● PROBLEM TO WORK ON
Retype all entries exactly as they stand, excluding pictures.

● Image-text web data
= = = = = = =

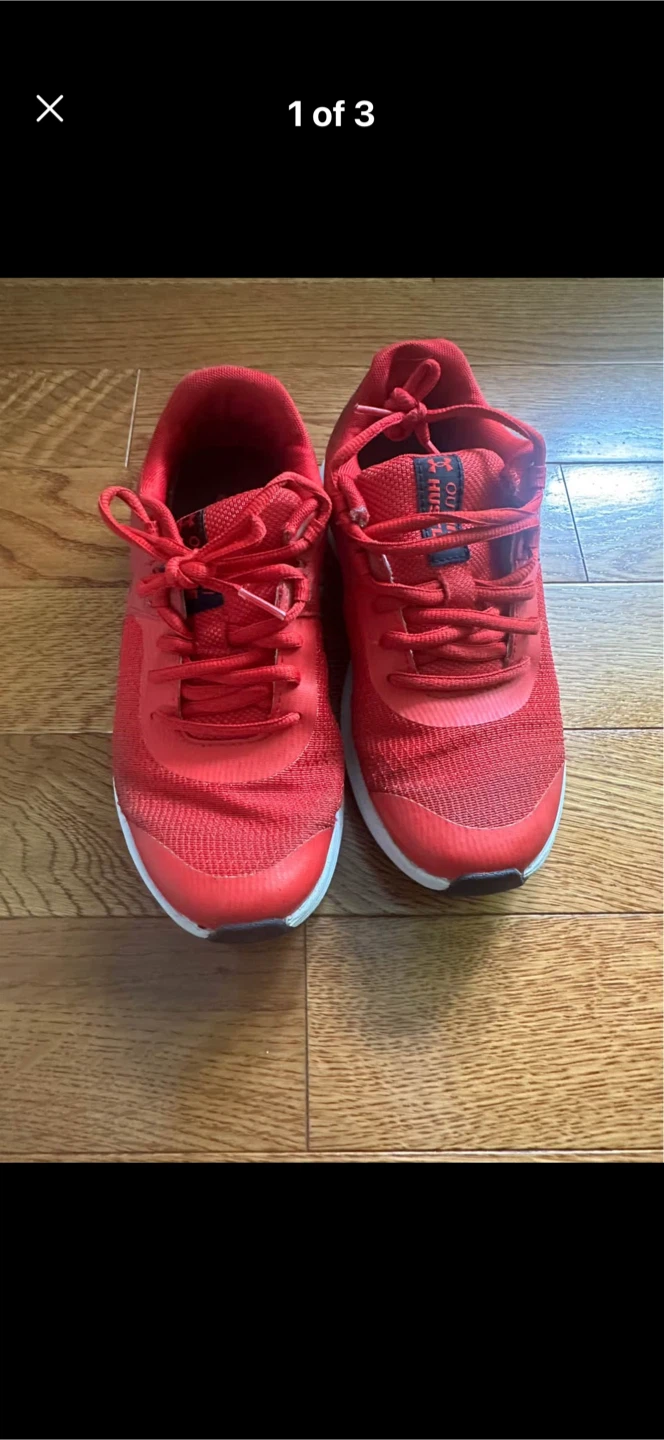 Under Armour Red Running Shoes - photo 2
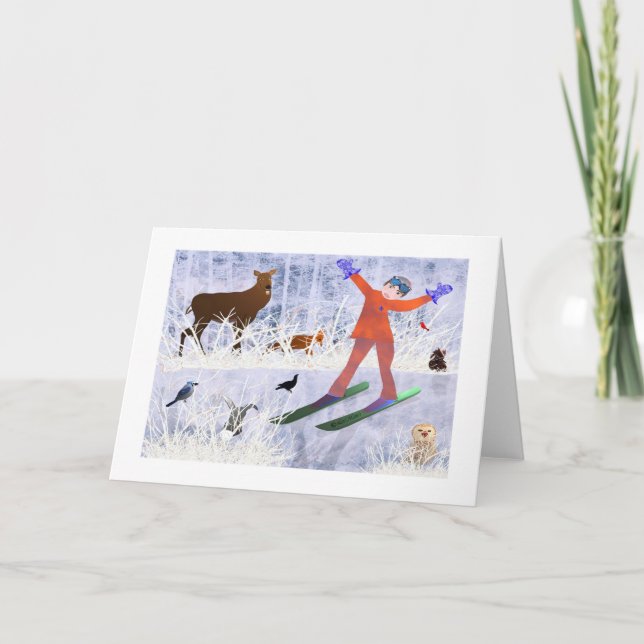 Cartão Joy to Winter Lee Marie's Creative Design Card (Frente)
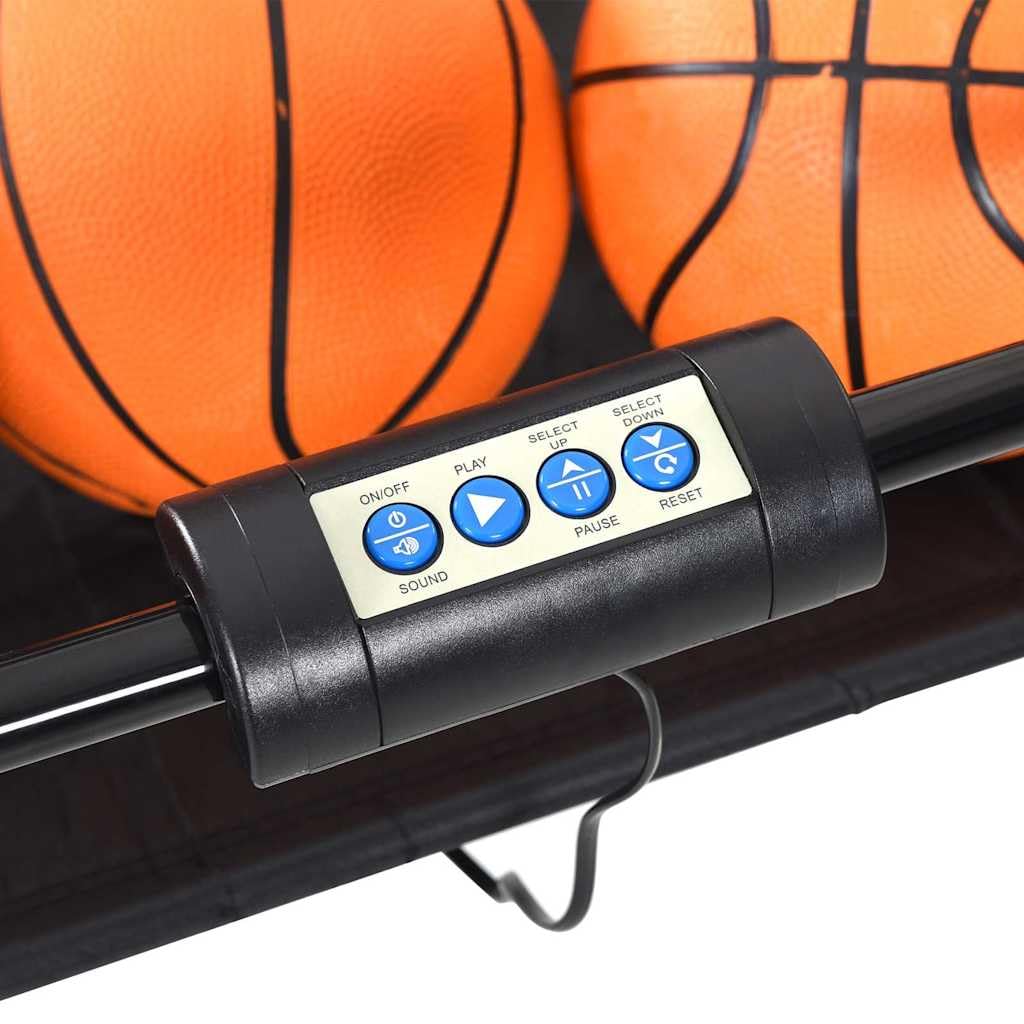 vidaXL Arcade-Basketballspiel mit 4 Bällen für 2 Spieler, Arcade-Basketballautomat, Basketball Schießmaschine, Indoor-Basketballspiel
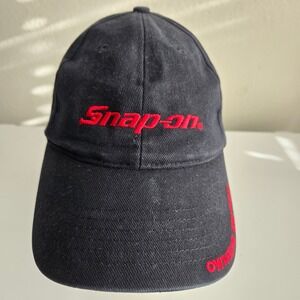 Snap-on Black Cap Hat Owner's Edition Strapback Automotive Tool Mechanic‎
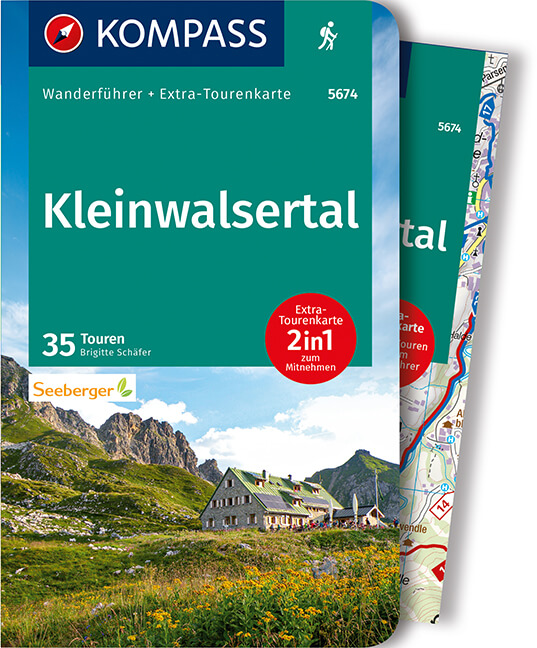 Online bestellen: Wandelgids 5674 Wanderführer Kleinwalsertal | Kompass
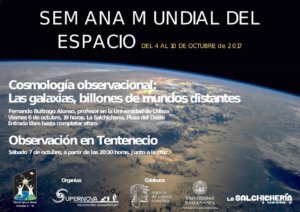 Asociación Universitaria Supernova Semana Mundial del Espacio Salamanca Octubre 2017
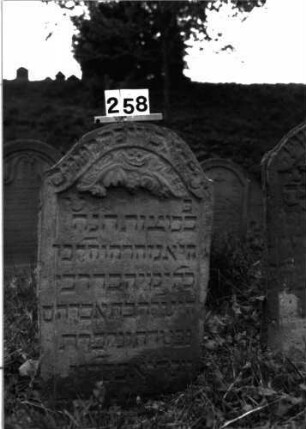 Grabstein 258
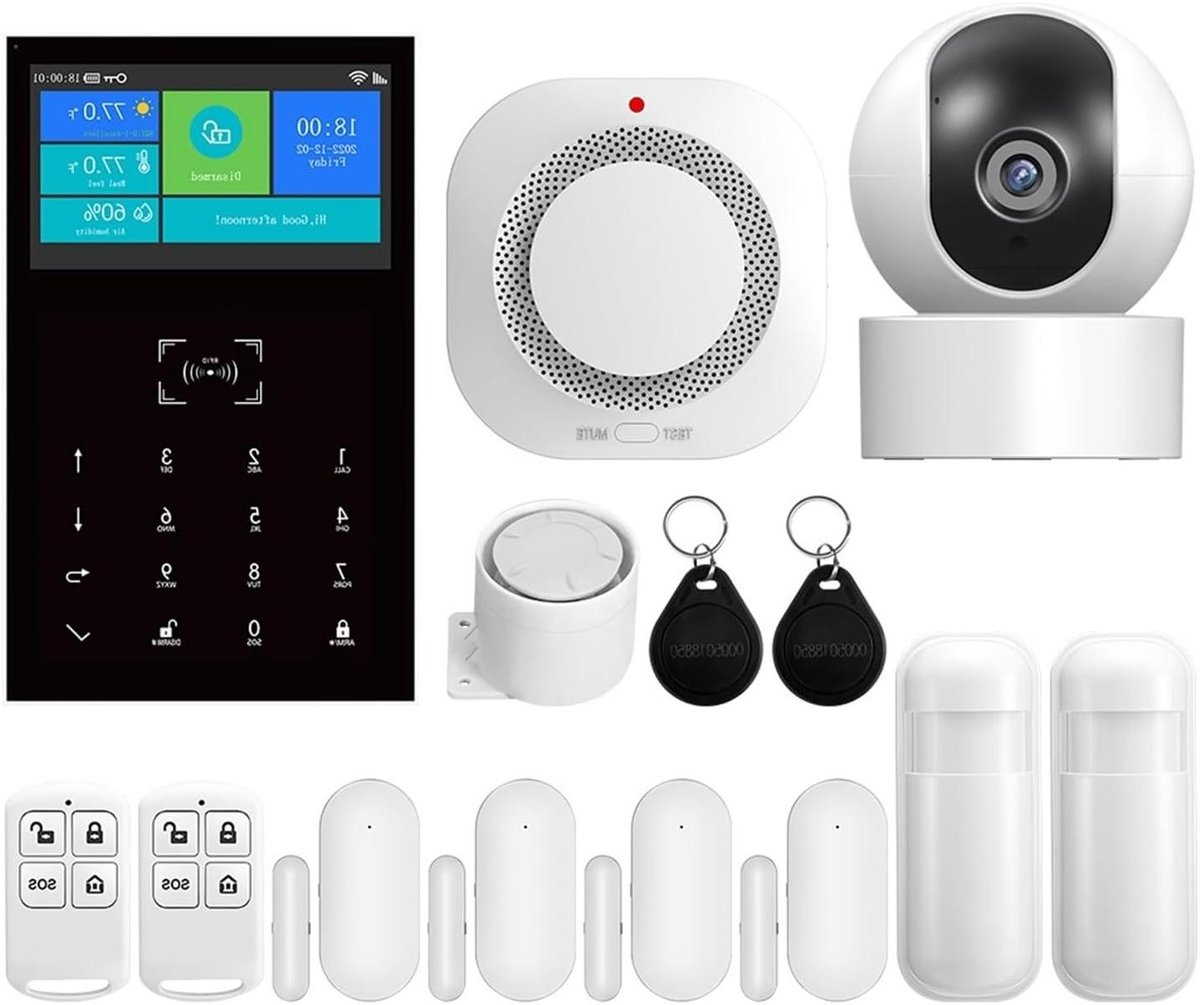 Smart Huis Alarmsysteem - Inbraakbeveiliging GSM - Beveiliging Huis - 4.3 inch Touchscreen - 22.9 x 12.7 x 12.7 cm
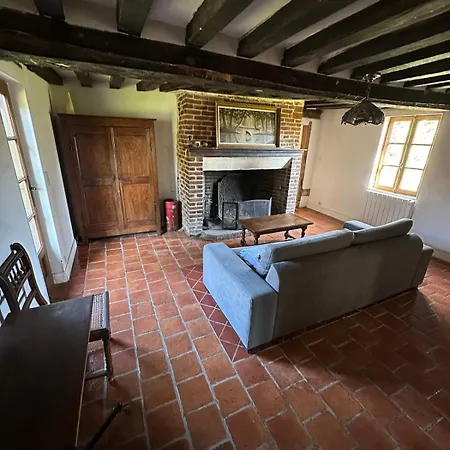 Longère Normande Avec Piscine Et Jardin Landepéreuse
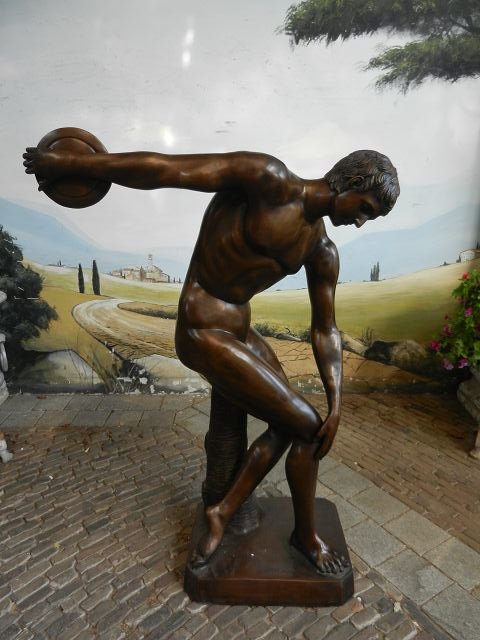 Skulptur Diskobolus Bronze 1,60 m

= = = = = = =

● REPLY
 Under Armour Red Running Shoes - photo 2
 Cartão Joy to Winter Lee Marie's Creative Design Card (Frente)
 vidaXL Arcade-Basketballspiel mit 4 Bällen für 2 Spieler, Arcade-Basketballautomat, Basketball Schießmaschine, Indoor-Basketballspiel
 Snap-on Black Cap Hat Owner's Edition Strapback Automotive Tool Mechanic‎
 Online bestellen: Wandelgids 5674 Wanderführer Kleinwalsertal | Kompass
 Asociación Universitaria Supernova Semana Mundial del Espacio Salamanca Octubre 2017
 Grabstein 258
 Smart Huis Alarmsysteem - Inbraakbeveiliging GSM - Beveiliging Huis - 4.3 inch Touchscreen - 22.9 x 12.7 x 12.7 cm
 Longère Normande Avec Piscine Et Jardin Landepéreuse
 Skulptur Diskobolus Bronze 1,60 m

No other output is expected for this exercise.